The Romans’ own perception of the first-century Republic was that a stable society, whose different elements had been established by legendary figures like Romulus and Servius, was now being undermined and transformed by an array of malign forces: corruption, luxury, ambition, faithlessness, violence. As Dionysius of Halicarnassus argued, summarizing the institution of patronage for a Greek audience, ‘‘the practices instituted by Romulus established so great a consensus amongst the People of Rome that there was no bloodshed or murder amongst them for six hundred and thirty years’’ (Ant. Rom. 2.11.2). The modern perspective, taking the long view over decades or centuries, is that societies are never static. ‘‘Social structure’’ shapes and influences the behavior of individuals, rather than determining their actions, and the cumulative effect of individual social behavior can transform society over time. Romans’ pursuit of their own interests brought about movement between social groups, changes in the ways that the boundaries of those groups were defined (the development of new criteria to identify the elite, for example) and the rise of new groups (slaves, freedmen, and the urban poor). External factors might either change an individual’s behavior or give them more power to pursue their interests; thus the influx of wealth and slaves from Rome’s conquests prompted far-reaching changes in the Italian countryside, with consequences for society as a whole (see also Chapters 27 and 28).27 The changes of the final century of the Republic were particularly dramatic, at least in the political sphere, but it would be misleading to assume that Roman society was stable and unchanging until the Gracchi undermined its foundations.
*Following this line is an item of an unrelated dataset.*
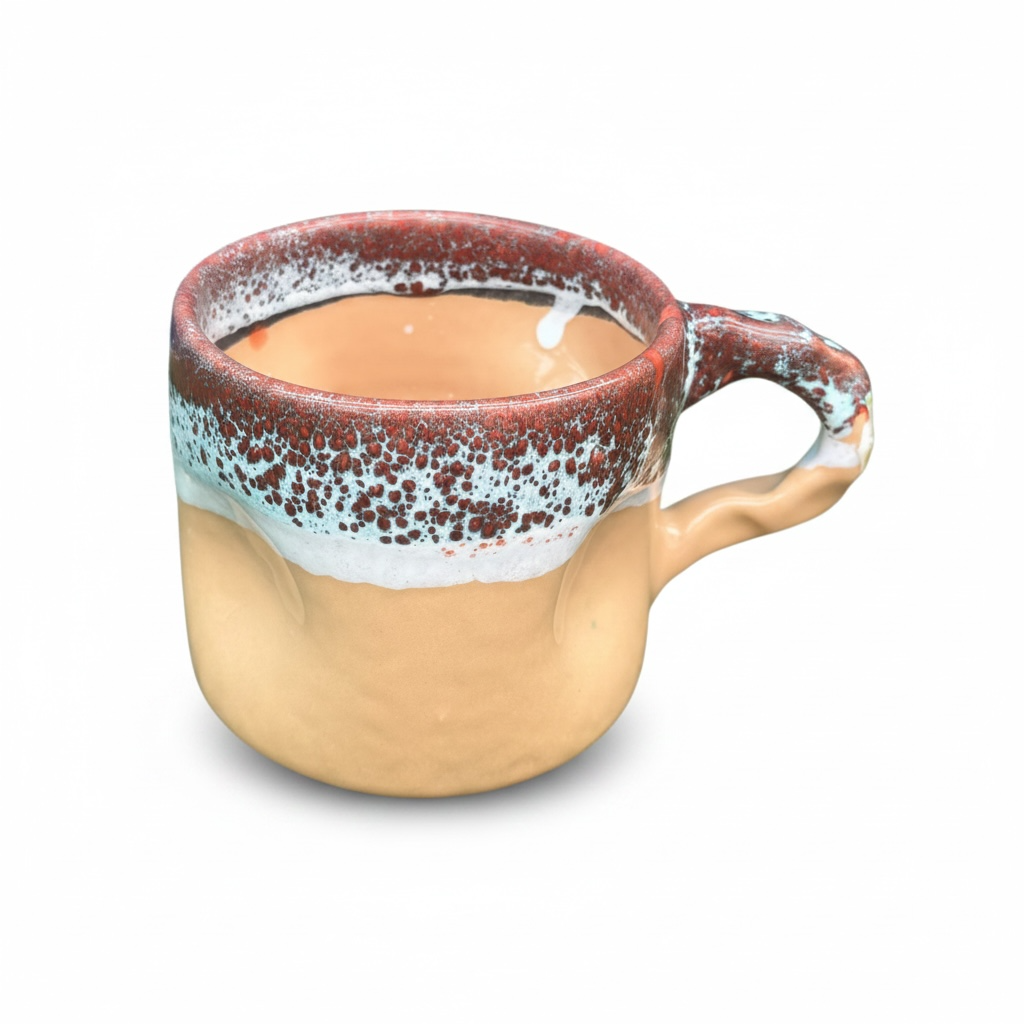 Handmade Moroccan Mug with  Drip Glaze & Dimples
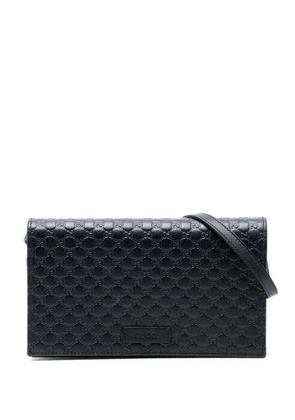 Gucci Pre-Owned 2000-2015 Microguccissima Wallet on Strap crossbody bag - Black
There were, after all, other kinds of structures, besides the framework of social groups and relationships, that influenced and constrained social behavior by setting the ‘‘limits of the possible.’’ One such set of limits on human action is established by the environment, the combination of climate, geography, and the distribution of natural resources that favored certain sorts of agriculture (and thus influenced the class structure of antiquity) and encouraged the development of particular patterns of settlement and communication (see Chapter 5). 8 Environmental change in the preindustrial era was generally slow, so that its effects were scarcely perceptible at the human level; far more significant in the medium term were the limits set by human reproduction. The size of a population in relation to the availability of resources, its rates of mortality and fertility, its age structure and sex ratio, and the average life expectancy, all have far-reaching implications for the fate of individuals and the society in which they live.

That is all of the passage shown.